GenomeSpace Recipe: Identify and validate a consensus signature using gene expression data

Identify and validate a consensus signature using gene expression data

Added by GenomeSpaceTeam on 2015.04.22 Official logo
Last updated on over 3 years ago.

microarray differential gene expression hierarchical clustering

Summary

Do phenotypically different expression datasets share a common signature? Can the signature distinguish phenotypes in an independent dataset?

This recipe provides one method for identifying a consensus gene signature from a training set of several phenotypically distinct gene expression dataset. The recipe then validates the ability of the consensus signature to accurately distinguish phenotypes by using an independent test gene expression dataset. An example use case of this recipe is when an investigator may want to develop a gene expression signature to predict a specific phenotype, such as cancer or another disease.

Background information: What is a consensus gene expression signature?

A gene expression signature is the pattern of expression in a specific group of genes, usually ones that are related by function, position or other biological process. A consensus gene signature is an expression pattern for a specific group of genes, which is shared among different samples or across different phenotypes. For example, a group of genes regulating immune response could be similarly up-regulated during many different, unrelated infections. There are several types of consensus signatures; those that can be derived from gene expression data are called transcriptional consensus signatures. Consensus signatures can be created by overlapping individual gene signatures derived from multiple datasets. Compared to individual gene expression signatures, consensus signatures may be more accurate at distinguishing different phenotypes, such as diseased vs. normal samples.

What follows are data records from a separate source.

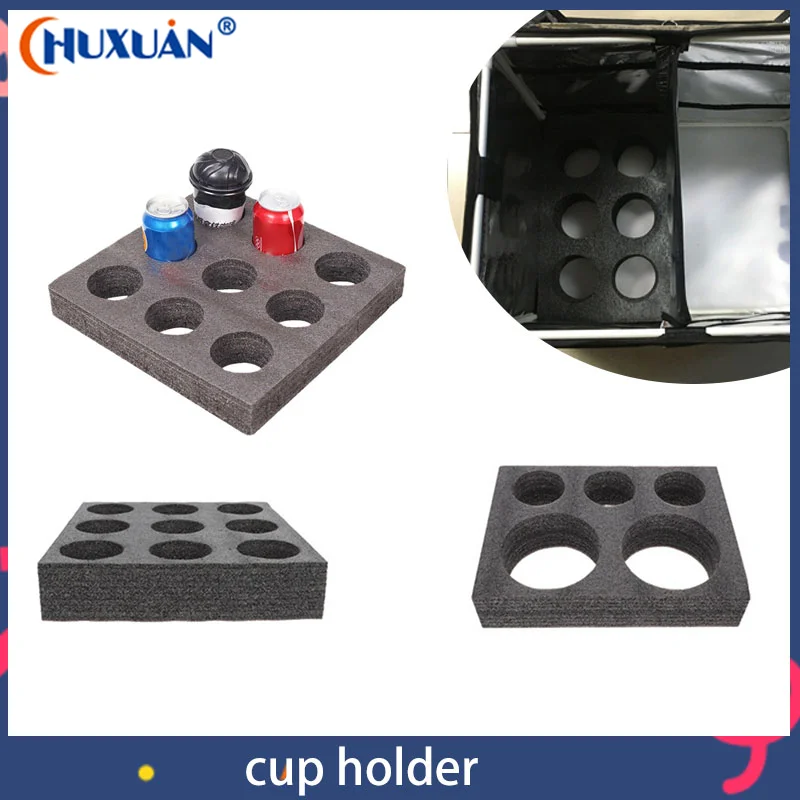 Cup Carrier Holder Drink Tray Takeout Coffee Trays Disposable Beverage Delivery Holders Out Take Packing Go Carry Drinks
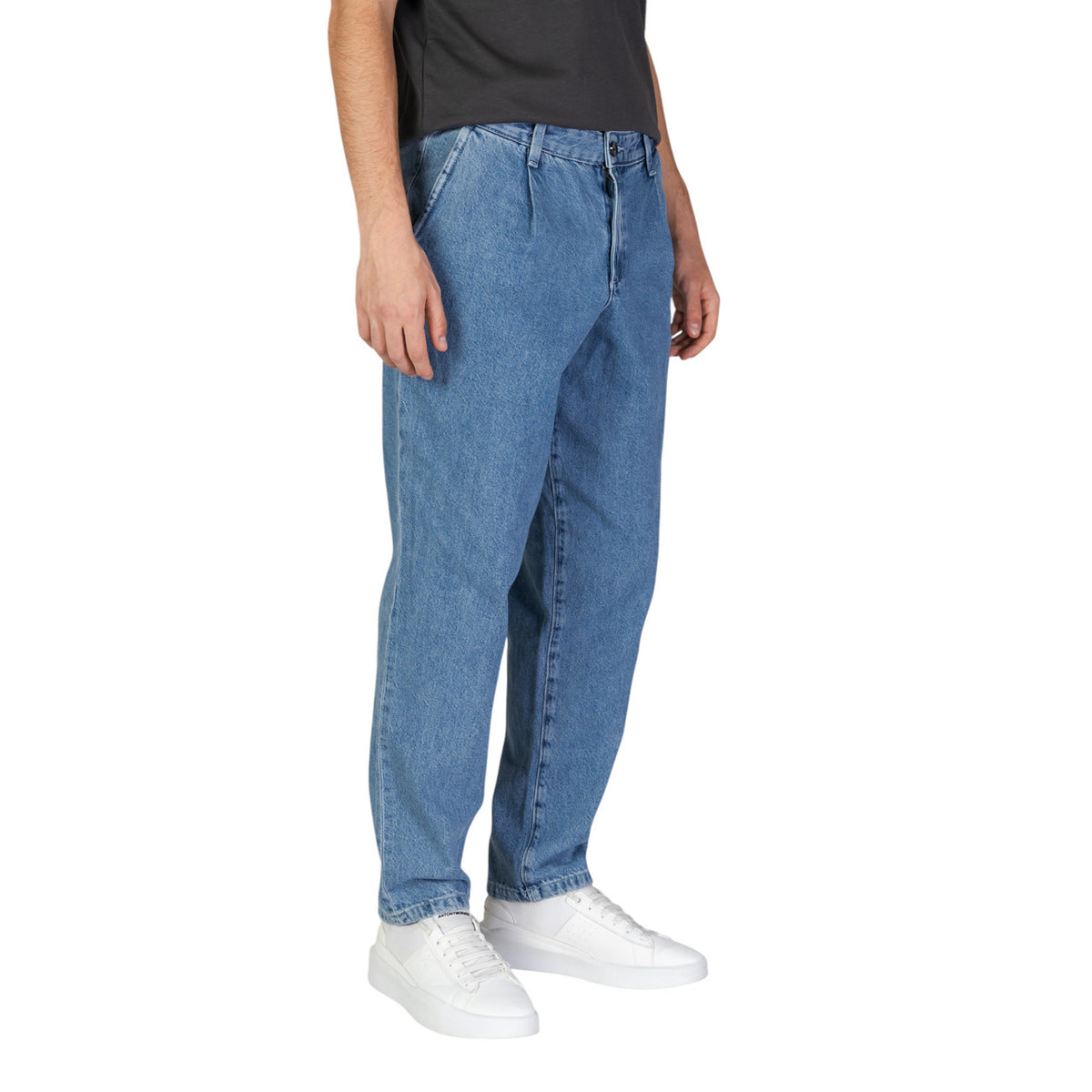 Jack & Jones — Jean bleu en coton homme — vue 3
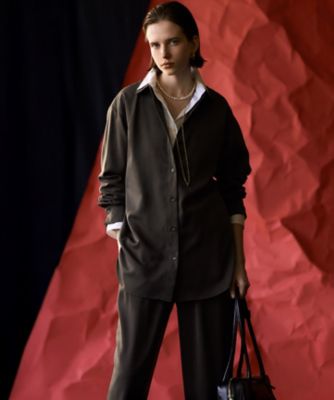 36サイズ　送料込　Balenciaga home wear サテンシャツ 36サイズ送料込Balenciaga home wear サテンシャツ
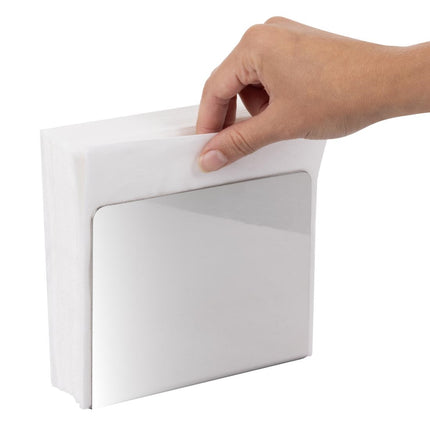 Stainless Steel Napkin Holder | Olympia 6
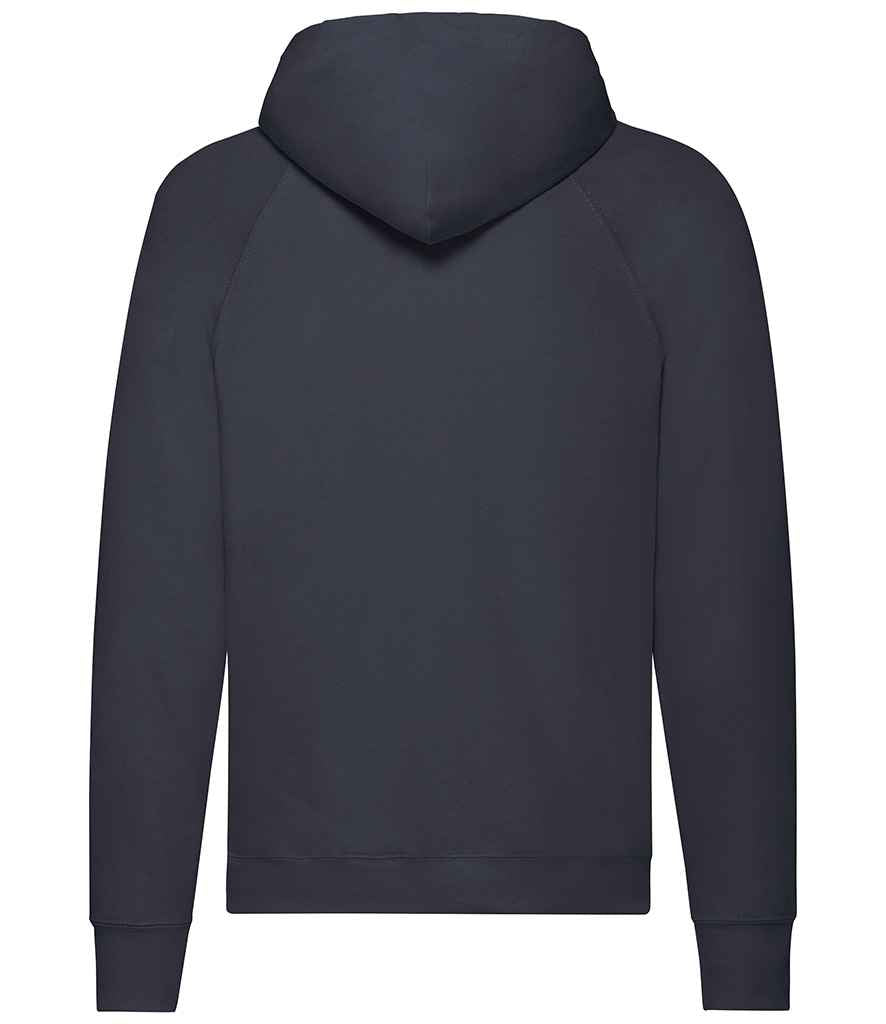 Fruit of the Loom Lightweight Hooded Sweatshirt in by Fruit of the Loom — Custom branded clothing by Print Press, featuring premium embroidery produced in our specialist print lab in the UK.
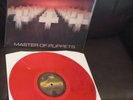 METALLICA Master Of Puppets LP Reissue Red Vinyl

Use case: Targeting MYCN in Neuroblastoma by BET Bromodomain Inhibition (Puissant et al. , Cancer Discov. 2013).

This study analyzed gene expression data generated from primary neuroblastoma tumors of two genetic classes: tumors harboring MYCN amplification (“MYCN amplified”) and tumors without MYCN amplification (“MYCN non-amplified”). MYCN amplified neuroblastoma is exquisitely dependent on the bromodomain and extra-terminal (BET) family of proteins. As such, treatment of MYCN amplified cell lines or tumors with JQ1, a small-molecule inhibitor of BET proteins, leads to dramatic transcriptional changes and induces cell death.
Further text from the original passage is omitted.